Google was able to shave $3.6 billion from its 2015 tax bill by relying on an elaborate system of loopholes known as the “Double Irish" and “Dutch Sandwich,” according to a report from Bloomberg today. The loopholes — infamous among US corporations — effectively allow companies as large and profitable as Google to shuffle profits through subsidiaries in low-tax countries like the Netherlands and Ireland, and then onward to tax havens like Bermuda and the Cayman Islands. In this case, Google moved $15.5 billion worth of euros to a Bermuda shell company, cutting its tax rate outside the US to 6.9 percent last year, according to regulatory filings in the Netherlands that were obtained by Bloomberg.

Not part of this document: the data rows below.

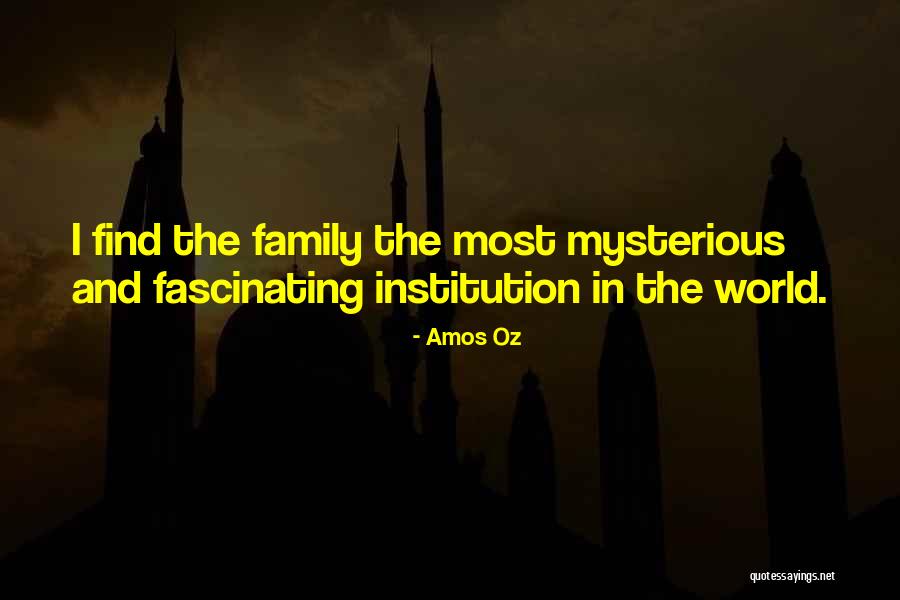 Amos Oz Quotes 291997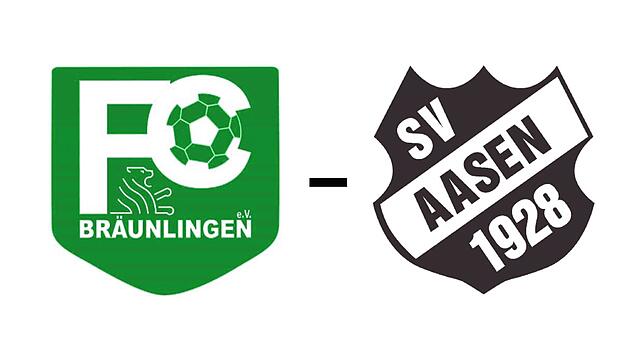 Bild : FC Bräunlingen bejubelt 2:2 gegen SV Aasen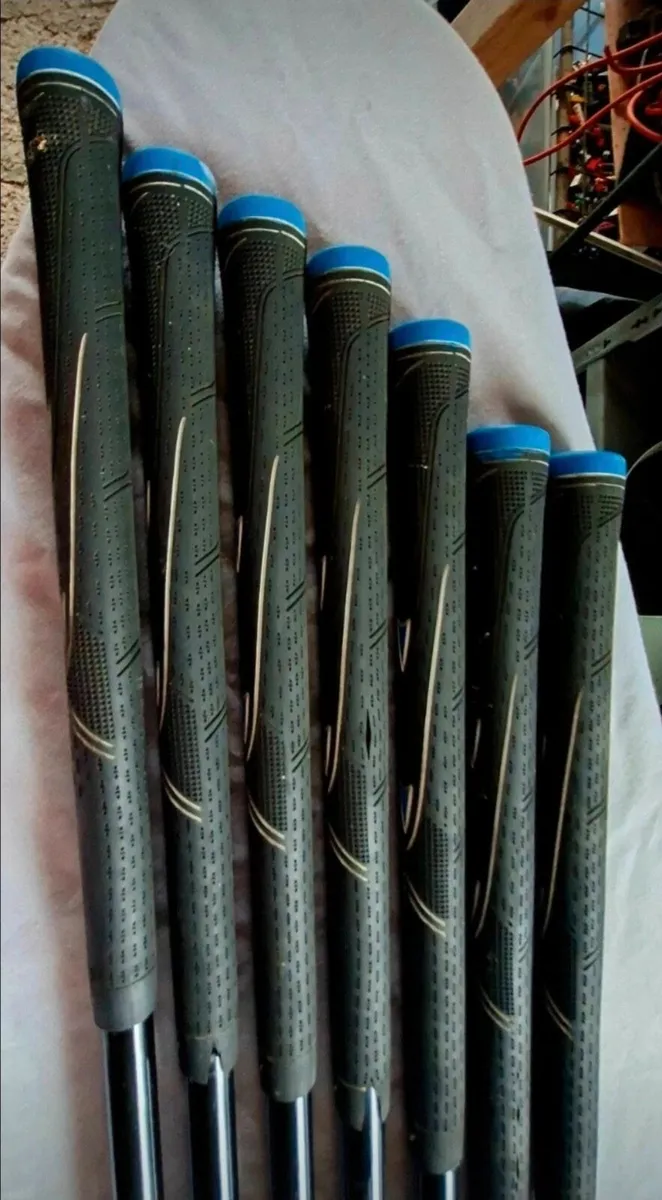 Graphite shaft Golf clubs 3-pw - Image 2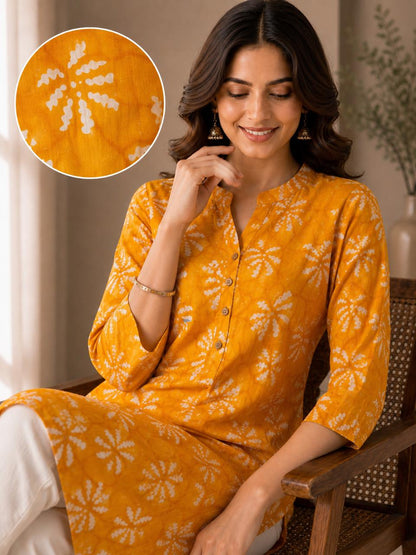 Rangrez Jaipur Kurti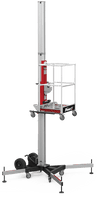 Reechcraft PowerLift Base Options - American Ladders & Scaffolds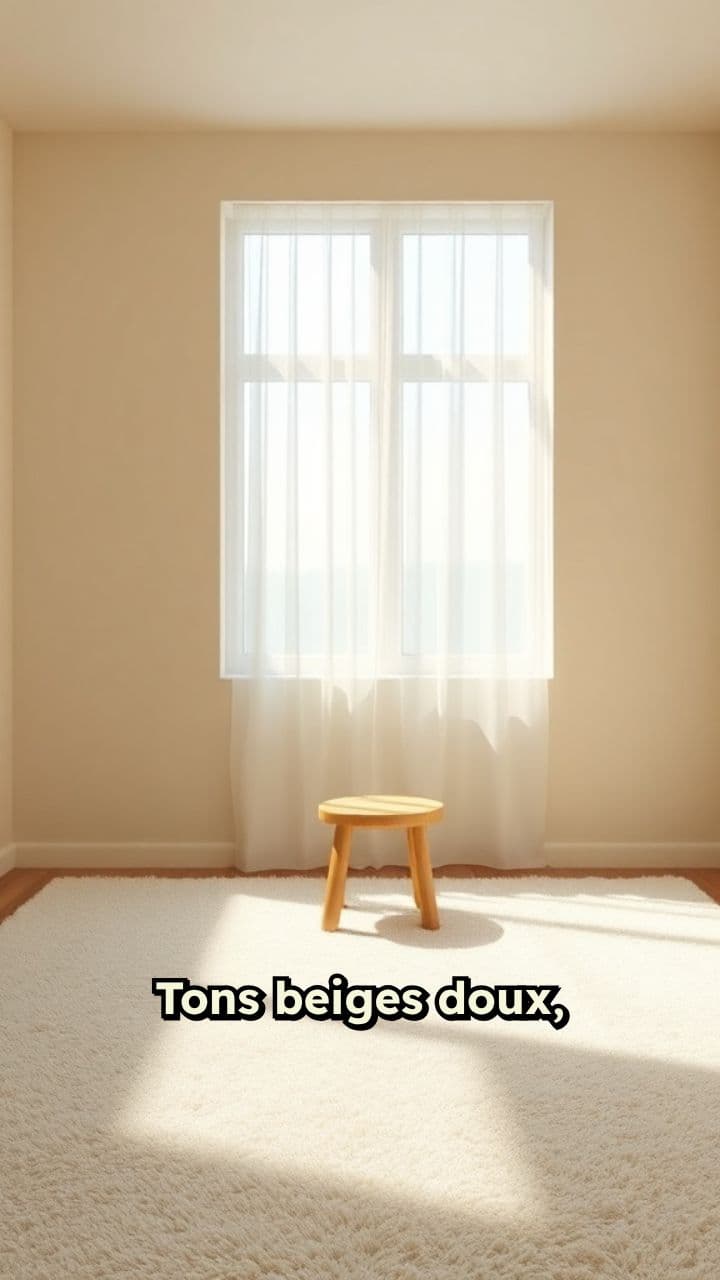 Ambiance Douce et Élégante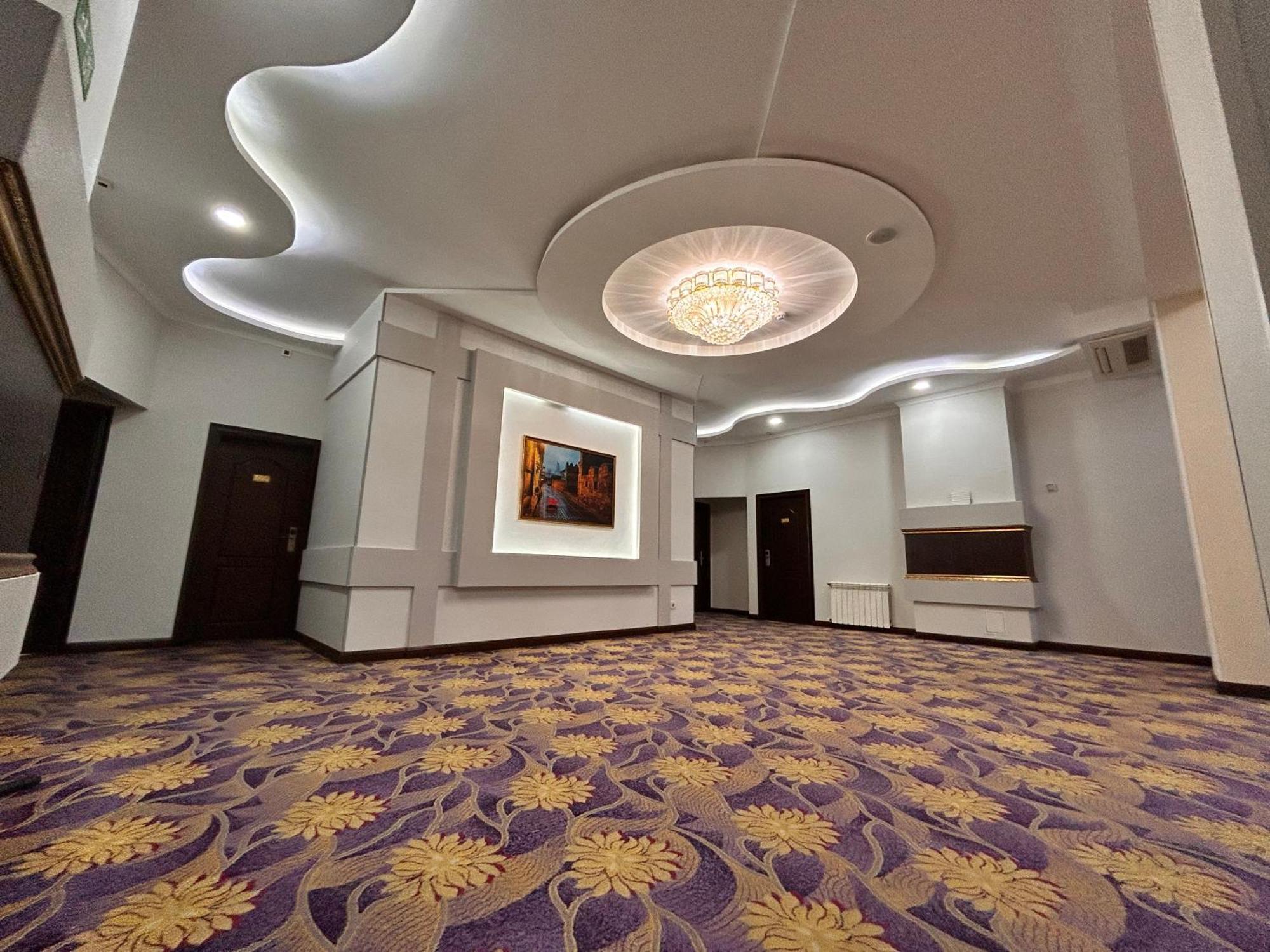 Safran Hotel Baku Exterior foto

The structure of the Double Irish and Dutch Sandwich is complex. It begins with international profits — in this case Google’s advertising revenues outside the US — being siphoned through an Irish subsidiary, where corporate tax rates are historically low. This subsidiary, known as Google Ireland Limited, then sends the money to a Dutch subsidiary in the Netherlands, which also enjoys low corporate tax rates. From there, Google moves the money to a Bermuda-based company called Google Ireland Holdings Unlimited, which was granted the right to license Google intellectual property so that it can claim ownership of the profits. It has no employees. The two Irish subsidiaries and the Dutch intermediary is where the tax loophole derives its nickname.

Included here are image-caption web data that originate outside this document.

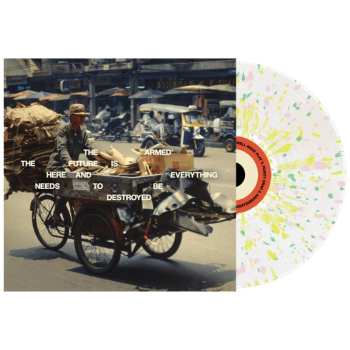 LP The Armed: Future Is Here And Everything Needs To Be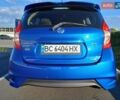 Синий Ниссан Ноут, объемом двигателя 1.6 л и пробегом 109 тыс. км за 7999 $, фото 11 на Automoto.ua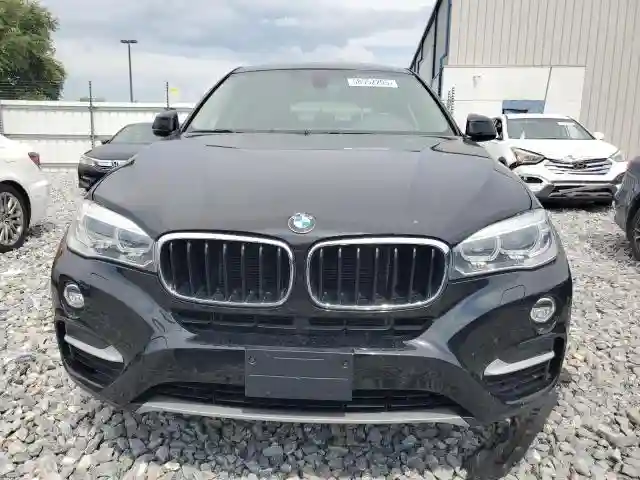 5UXKU2C5XG0N79040 2016 BMW X6-4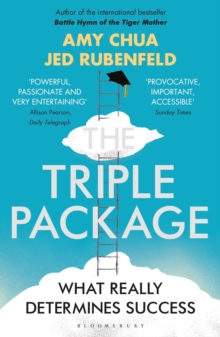 The Triple Package : What Really Determines Success, Paperback Book The Triple Package : What Really Determines Success, Paperback Book
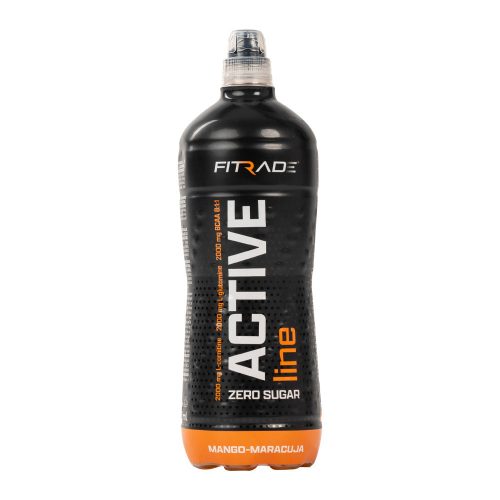 Fitrade Zero Sugar - Muscle Line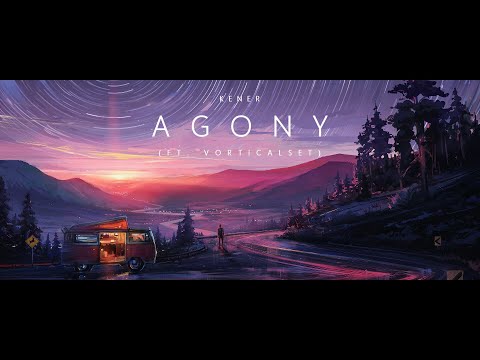 KVNER - Agony (ft. Vorticalset)(Sub Español/Lyric)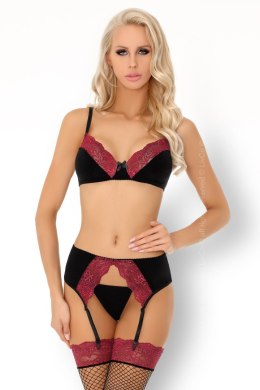 Komplet Model Aracelis Black - Livia Corsetti Fashion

Google cut its tax rate outside the US to 6.9 percent last year
According to filings Google made with the Dutch Chamber of Commerce this week, the company has moved 40 percent more of its profits in 2015 using this system than it did in the year prior. In total, it’s estimated Google has sheltered as much as $58.3 billion from US taxation, Bloomberg notes, citing parent company Alphabet’s SEC filings. And despite the Irish government having closed the Double Irish loophole last year, companies still currently employing it to shelter overseas profits have until 2020 to stop. “Google complies with the tax laws in every country where we operate,” the company told Bloomberg in a statement
These kinds of loopholes have attracted increasing scrutiny of late as Apple gears up for a prolonged battle with the European Union over its use of similar practices in Ireland. The iPhone maker owes Ireland $13.6 billion after an August ruling by the European Commission, the EU’s antitrust enforcer, determined Apple had been underpaying taxes in the country for the last 13 years. Ireland, however, doesn’t want to collect it, out of fear it may dissuade Apple and other big tech companies from investing in the country in part due to its low tax rate. Apple, on the other hand, is trying to frame its fight against the EU has a matter of principle, seeing itself as a singled out victim that regulators would like to make an example of. Apple CEO Tim Cook even called the EU’s action “total political crap.”
Notably, many Silicon Valley leaders, Cook included, met with President-elect Donald Trump earlier this month to discuss, among other topics, reductions in the US corporate tax rate. Trump has often said that he would make it easier for American corporations like Apple and Google to more easily repatriate earnings, so as to reinvest those earnings into US manufacturing jobs. It’s unclear exactly how that will work, and if Silicon Valley will play along or choose instead to continue fighting its regulatory battles overseas to keep profits from being taxed outside single-digit rates.